To reiterate, to gain more respect you need to set the following three goals:
- A) Keep your word
- B) Treat others like they are royalty
- C) Stay focused and don’t veer away from your values
I want to talk about Seinfeld for a second. The guy’s a comical genius, and if he doesn’t make you laugh then there may be something wrong with you… kidding. In a speech I heard yesterday, Seinfeld says that his success is based on habit.
Quite clearly, what he said is that all you need to do is the following:
- Buy a paper calendar
- Get a permanent red marker
- Every day, put a big X through the day if you spent time on your passion
Not a bad formula for success. You could almost use these three steps for any goal. Respect is no different, and you could apply the same principle. Every day, put an X through the day if you kept to the three goals above. Once it’s a habit, respect will flow into your life like a freight train speeding down a railway track.
The challenge with respect is like most things in life: it’s just too bloody complicated. It’s like a foreign matter from Mars that nobody knows how to bring back to Earth. It’s not easy to articulate. Complex things rarely get achieved, so dumb it right down.
To be in control of your mind, remain disciplined, and treat others with respect, you can try the following three practices:
1. Write your thoughts down
Respect is gained when you can demonstrate to others that your mind is under control. People respect you when you treat them well. It’s hard to be nice to people if you are walking around with a head full of negative thoughts.
Through blogging, I’ve learned to write my thoughts down and get them out of my head. This allows me, during work hours, to have a clearer mind that can be focused on treating others well. I am able to remember what’s important to the various people I interact with, and this helps me build rapport. Rapport is the gateway to respect.
It’s hard for someone to respect you if they don’t have rapport with you. If you aren’t into blogging like me, then try something like doing five minutes of journaling. There’s a great journal called The Five-minute Journal which has a good guide. Get used to expressing yourself through writing.

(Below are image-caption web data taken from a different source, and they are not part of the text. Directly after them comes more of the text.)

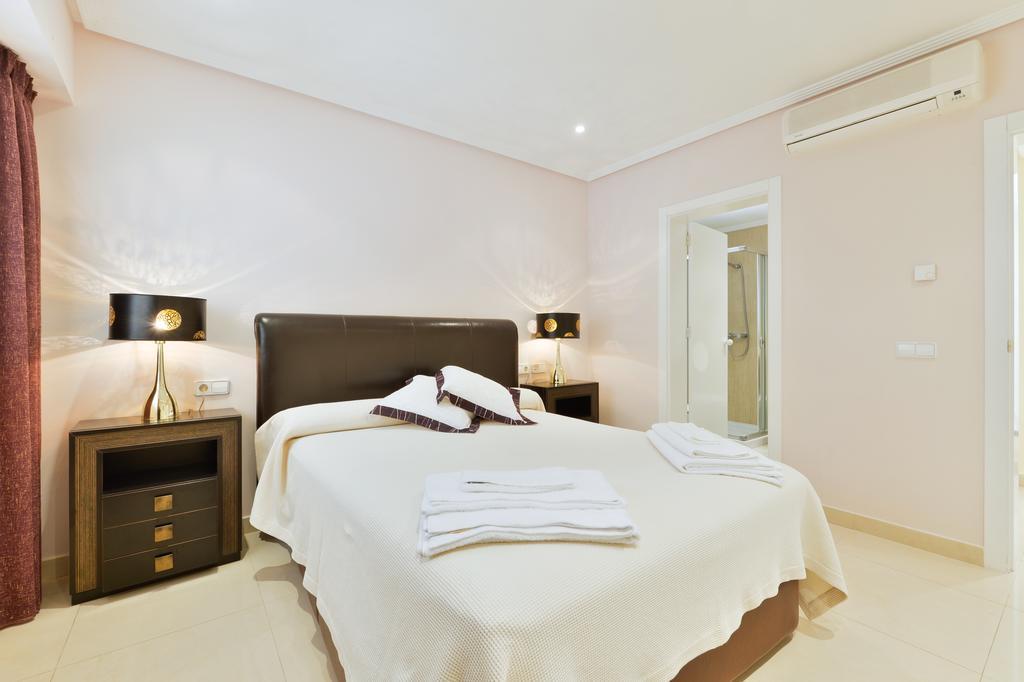 Villa Con Piscina Gigante Sant Francesc de s'Estany 部屋 写真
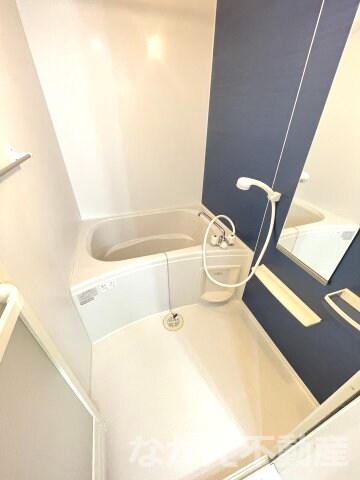 物件内観写真6　(落ち着いた空間のお風呂です)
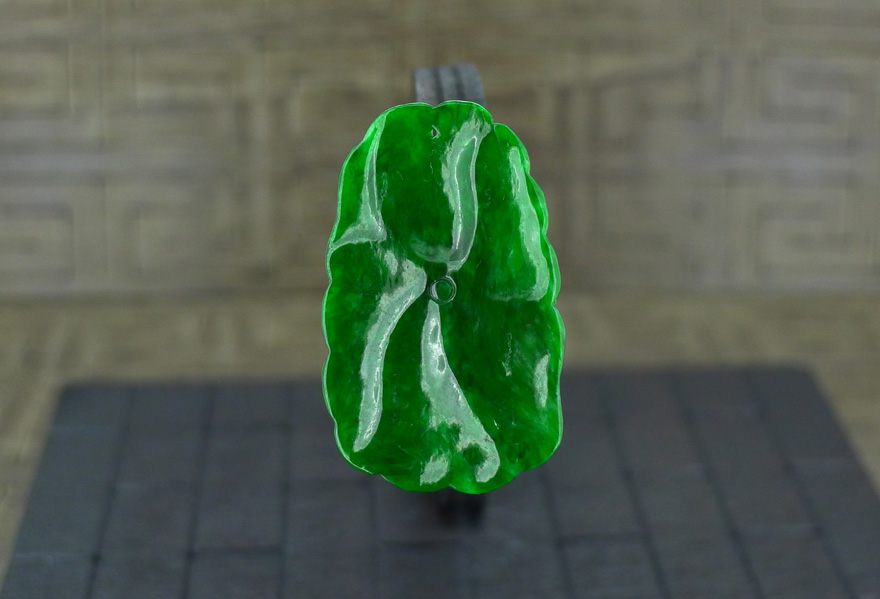 a货翡翠辣绿荷叶2.9g 扬美福临门珠宝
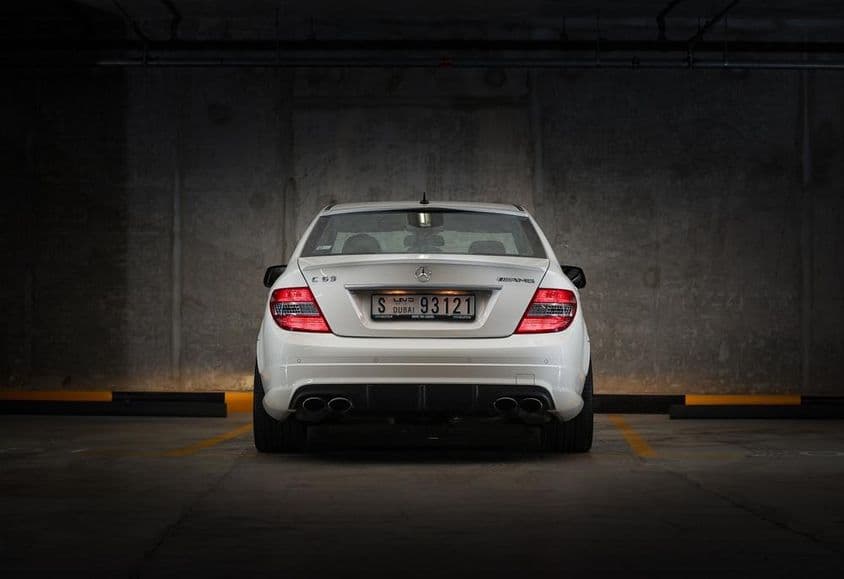 Mercedes Benz C63 2009 dans un parking.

2. Tell people you appreciate them
It’s funny how the things that make people respect us are almost too easy not to do. One of those things is to tell people you appreciate them. I don’t mean in a fake kind of way. The best way is to do it only if you mean it, and put lots of passion into your voice.
The approximate time needed to do this is something like sixty seconds a day. The results that come from this habit are off the charts.

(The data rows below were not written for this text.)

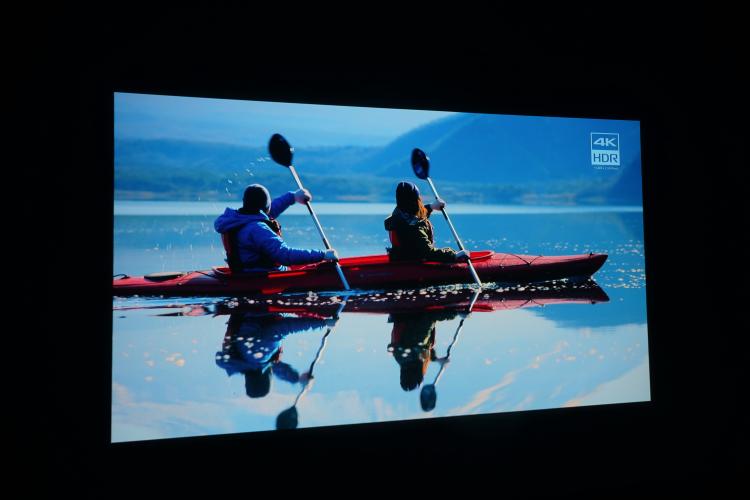 当贝投影f3对比灯泡机,当贝f3投影灯泡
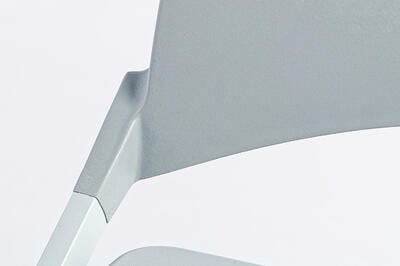 Die Rückenlehne des Kunststoffstuhls ist hochwertig mit dem Gestell kombiniert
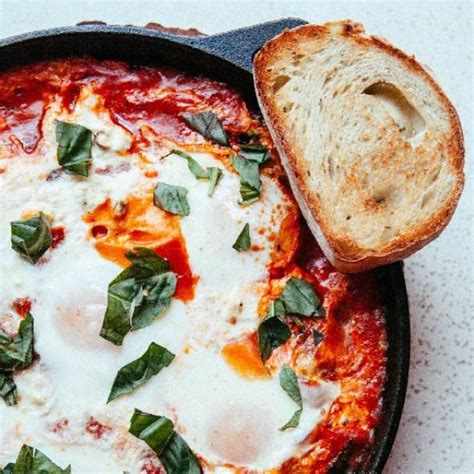 Cast Iron Baked Eggs In Tomato Cast Iron Baked Eggs In Tomato Sauce Aka Shakshuka Super Easy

“People respect you when you appreciate them first”
Respect starts with you taking action first and then the benefits follow. This point is dear to my heart especially with tragedies like the one I recently witnessed where a madman killed people only meters away from me. What if you never got to tell someone how much they meant to you ever again? Do it.
3. Say sorry when you mess up
This practice is only very new for me. I make mistakes all the time, just like you do. Until recently, I never said sorry or acknowledged them. Now I do it every time. Last week I offended my friend because he thought I didn’t respect his partner. I said sorry.
The week before, I snapped at someone because I had hardly slept the night before. I told them the next day I was sorry. I got off a train and said some silly things to a train conductor because his voice through the PA was interrupting my mobile phone conversation. I said sorry.
You will be the person everyone respects when you can apologize without being asked when you’ve done something wrong.
- A) Within a month, I felt better about myself
- B) Within three months I noticed more people said hello to me
- C) Within six months my advice on social media began to be shared by people I respected
- D) Within a year I became the go-to person for people who are way smarter and more successful than me.
And then, of course, I would experience a challenging life experience and sometimes forget all of the rules I’ve just mentioned. That’s okay. We’re not Superman 24 / 7, chief!